Threats rise for listed investment
Top marks to the tax experts at Pitcher Partners for alerting investors and business owners to the additional tax penalties facing company shareholders not eligible to claim a cash refund of imputation credits on their dividends. The Pitcher Partner analysis highlights that retirees and other low tax investors will be penalised for investing via listed investment and other company structures.
Investing directly in personal names or via a trust, all income received is taxed only in the hands of the recipient. When a company structure is used to own assets, the situation changes dramatically with all income except franked dividends received from domestic shares subject to the separate company tax levied on all income received by the company.
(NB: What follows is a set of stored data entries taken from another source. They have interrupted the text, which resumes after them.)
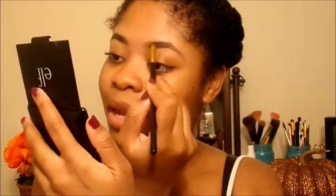After outlining, with whatever is left on the brush I go ahead and hit the front a little bit, just so it blends and you can't tell I put too much in the front. Now I'm going to go ahead and outline the top of my brow using the same method — starting two-thirds in.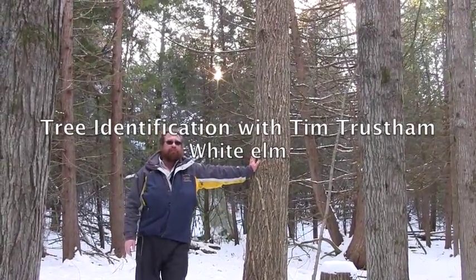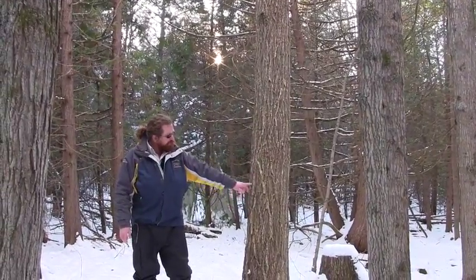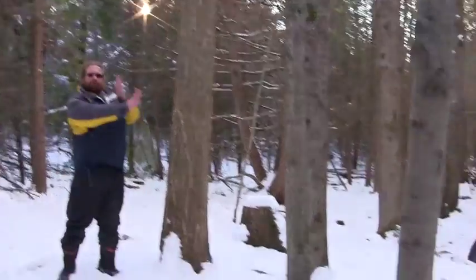So this is an American or white elm. A classic bark for a white elm is these furrows and sort of — I wouldn't call them diamonds, but almost a canoe-shaped pattern to the bark.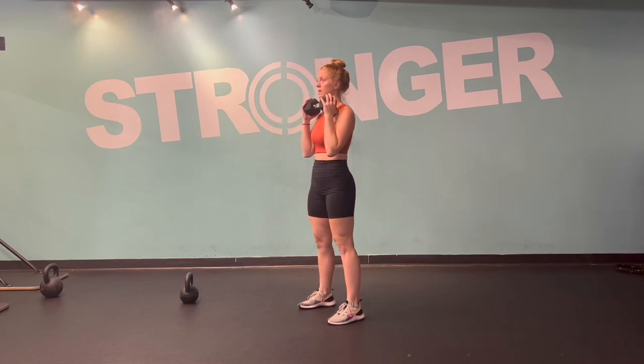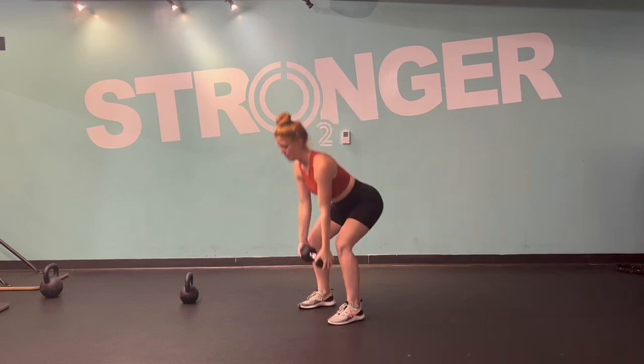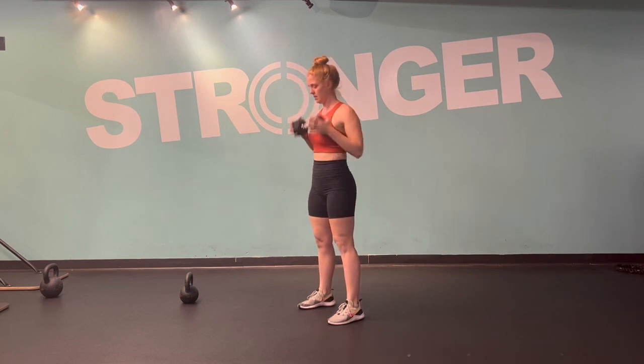Instead of the swing clean, we're going to re-clean it by coming down into the hang clean position. Keep your elbows nice and tight, bring them down and back. Find the hang position, load up your glutes, and then shoot your hips forward, push down through your heels to bring it right back up into that clean position.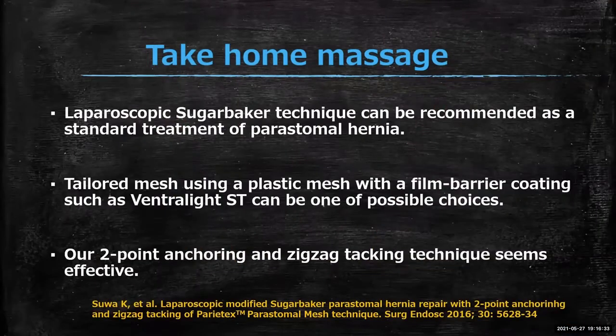Final messages for parastoma hernia repair: the laparoscopic Sugar Baker technique is the optimal choice in terms of recurrence and complications and can be regarded as a gold standard. There is no specific mesh available, so a tailored mesh using polypropylene with film barrier coating such as Ventral IDSD is a valid option. The two-point anchoring and zigzag tacking technique is a valuable modification of the original Sugar Baker repair.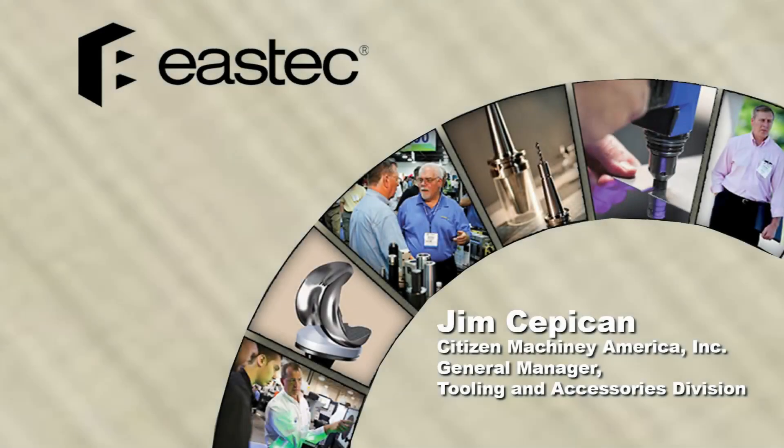East Tech is very important to us. Every year there is a consistency of attendance and we usually generate new leads from customers that we didn't know were in the area. But it not only benefits us locally,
The company tax covers realised capital gains, personal exertion income, rent, interest income, unfranked dividends and taxable overseas income. All these possible sources of income are subject to company tax before distribution to shareholders as dividends.
The imputation credit system was introduced to ensure company owners are not adversely affected when dividends received are taxed again in the recipients' hands.
This is achieved by allowing full credit including via cash refunds for company tax already paid when the dividends received are subject to tax.
This tax structure ensures that paying company tax does not disadvantage investors including lower income taxpayers, superannuation and pension funds whose marginal income tax rates are lower than the company tax rate. The situation changes dramatically without a cash refund of excess franking credits.
If investors are unable to receive a cash refund when their imputation credits exceed their tax liability, they will be penalised for using a company structure including listed investment companies to own their investments. Not only will they lose part or all their imputation credits from their share investments but they also will face heavier tax bills on all other income received and taxed in the hands of the company managing their investments.
This will encourage direct personal investments and the use of trusts to own assets to avoid being subject to the separate company tax. Trusts have been and will continue to be the principal structure to own managed real estate investments while exchange-traded funds (ETFs) have blossomed as a highly popular way of owning managed share portfolios in recent years.
Without cash refunds of franking credits, the tax system will further increase the popularity of both these investment structures with retirees and other low rate taxpayers.